Thanks! The discussion comments under Rod Page’s blogpost are interesting too. Still looking for an apples-to-apples comparison to some of the ID quality metrics that kueda posted back in 2019…

I saw some data from iNat that said the ID’s were decent (70%?). I looked for it after reading this, but I could not find it. I remember using the link to counter someone who said iNat data were poor.


I’m not sure how you can do an apples to apples. One concern is how do you classify the digital platform observations that may or may not be wrong, ie their identity cant conclusively be confirmed.

I’ve seen at least 1 study where all those got called wrongly identified and the study conclusion was thus the ID quality was poorer on digital platforms. I remember being provoked by the study claiming a high error rate on birds on inat which are one of the easiest groups to identify. But likewise I can’t find that thread here.
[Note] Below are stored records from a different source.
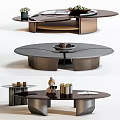 Modern Round Coffee Table With Metal Frame And Decorative Elements Like Tray And Vase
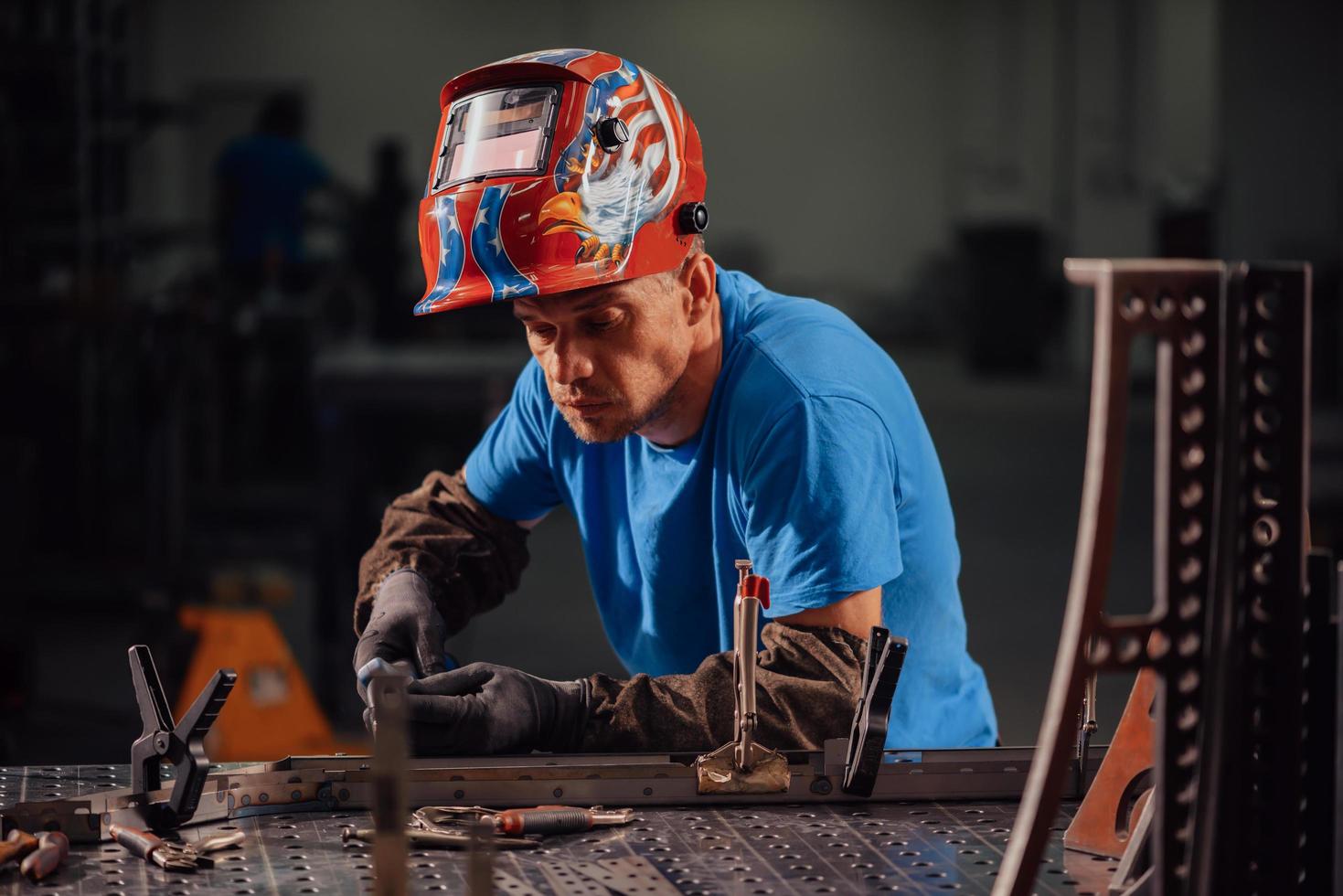 soldador profissional da indústria pesada trabalhando dentro da fábrica, usa capacete e começa a soldar. foco seletivo foto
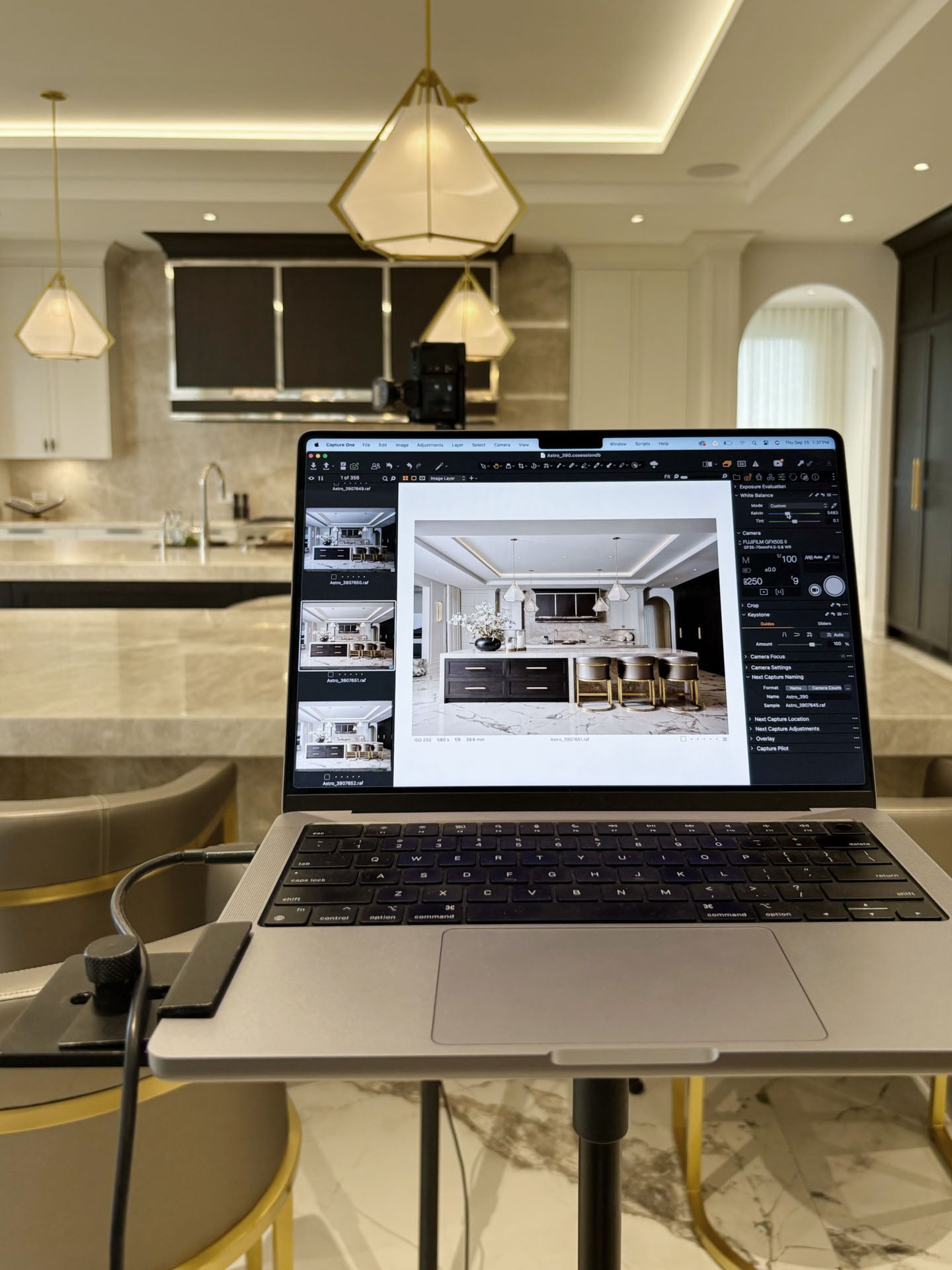 Laptop on a stand displaying interior design software in a modern kitchen.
In the link posted above by @kiwifergus Kueda states :

“accuracy varies considerably by taxon, from 91% accurate in birds to 65% accurate in insects”.

Making the latter part bold, as there are 90000 or so species of insect in N.America but only 2000 or so bird species, so, arguably the 65% accuracy is the more relevant end of the benchmark. This is in a N.American context I think also(?), so likely less accuracy in most other locations.

Meanwhile I´ve seen the museum comment raised by @fffffffff and @dianastuder repeated many times elsewhere - but as far as I saw when I last looked into this, it just seemed to stem from an anecdotal comment/supposition …its not in connection with any actual figures. In the link posted above by @tiwane the only mention of museum quality seems to be in an offhand comment by TonyRebelo.

I struggle to believe any respectable museum insect collection would have a comparable 65% accuracy.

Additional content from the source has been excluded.